De Xerém para o mundo, peça leva trajetória do artista ao teatro

Herói do subúrbio carioca, Zeca é ainda mais amado pelos brasileiros por ter mantido a humildade, mesmo depois da famaHerói do subúrbio carioca, Zeca é ainda mais amado pelos brasileiros por ter mantido a humildade, mesmo depois da fama - Foto: Victoria Dannemann/Divulgação

Zeca Pagodinho deve desembarcar na capital pernambucana no dia 7 de abril, para um aguardado show ao lado da cantora Maria Bethânia. Enquanto esperam a chegada do sambista em carne e osso, os recifenses podem conferir sua trajetória encenada no palco por atores. Após estreia no Rio de Janeiro, o espetáculo musical "Zeca Pagodinho - Uma história de amor ao samba" ganha três sessões no Teatro RioMar, no Pina, no sábado, às 21h30, e no domingo, às 17h e 20h.

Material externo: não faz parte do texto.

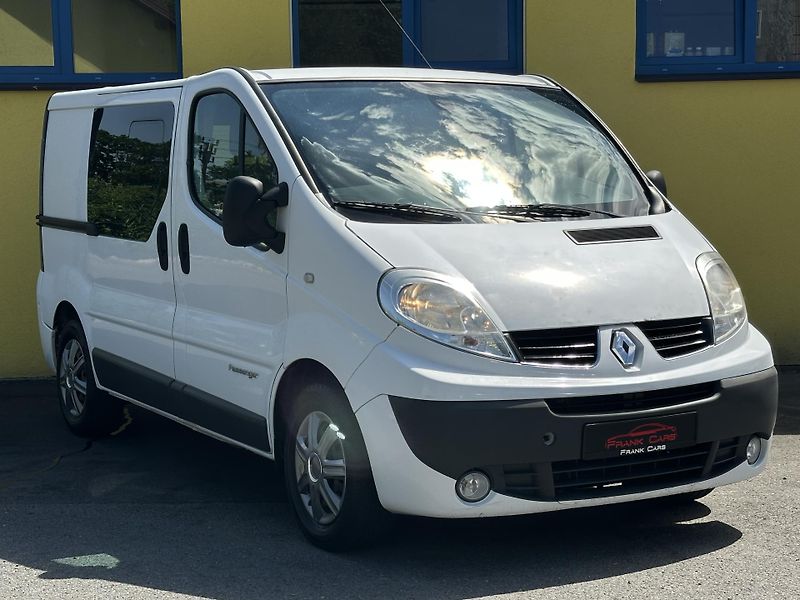Renault Trafic (2009) 2.0dCi/84kW * KLIMA * 6.Míst  - fotka 2 z 24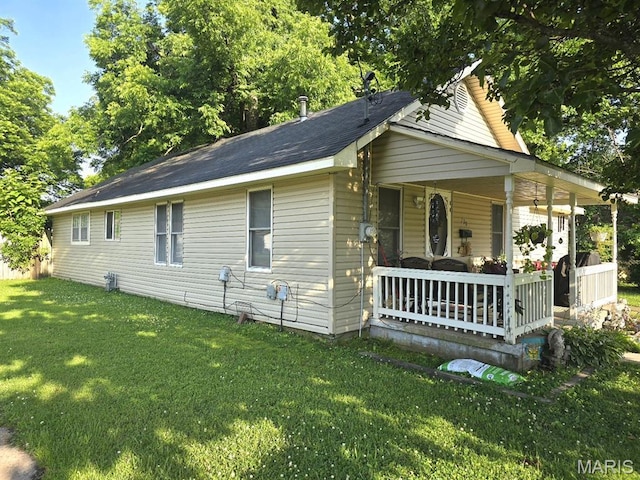 730 N Walnut St, Dexter, MO 63841 - view of side of home featuring covered porch and a lawn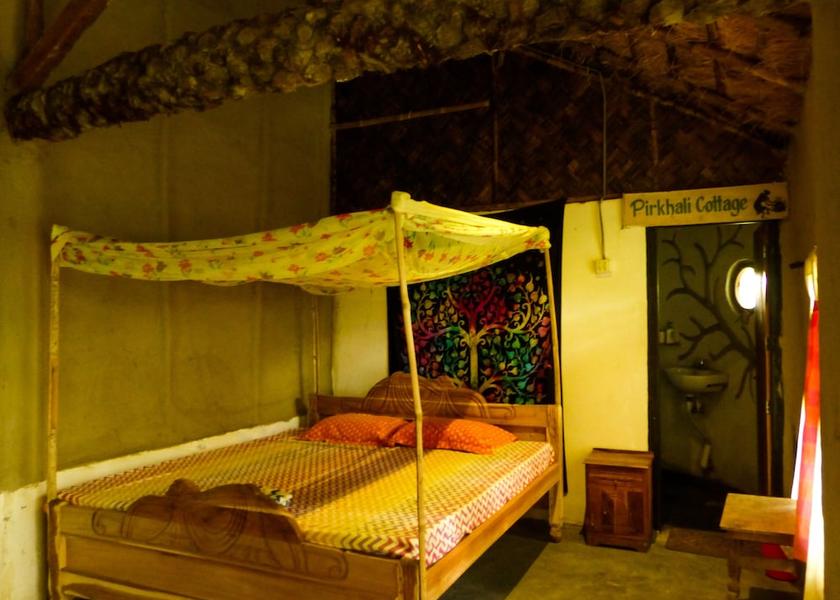 West Bengal Satjelia Interior Entrance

O músico reconhecido por canções como "Deixa a vida me levar" e "Quando a gira girou", cujo nome de batismo é Jessé Gomes da Silva Filho, tem sua trajetória contada em dois atos. No primeiro, ele é interpretado pelo jovem ator Peter Brandão. No segundo, quem assume a tarefa é Gustavo Gasparani, que também assina texto e direção.

"Eu comecei a estudar a obra do Zeca pensando em escrever um musical. Já havia desistido da ideia quando a produtora Victoria Dannemann me ligou, em 2012, me convidado para fazer a peça. Foi uma feliz coincidência", diz o dramaturgo.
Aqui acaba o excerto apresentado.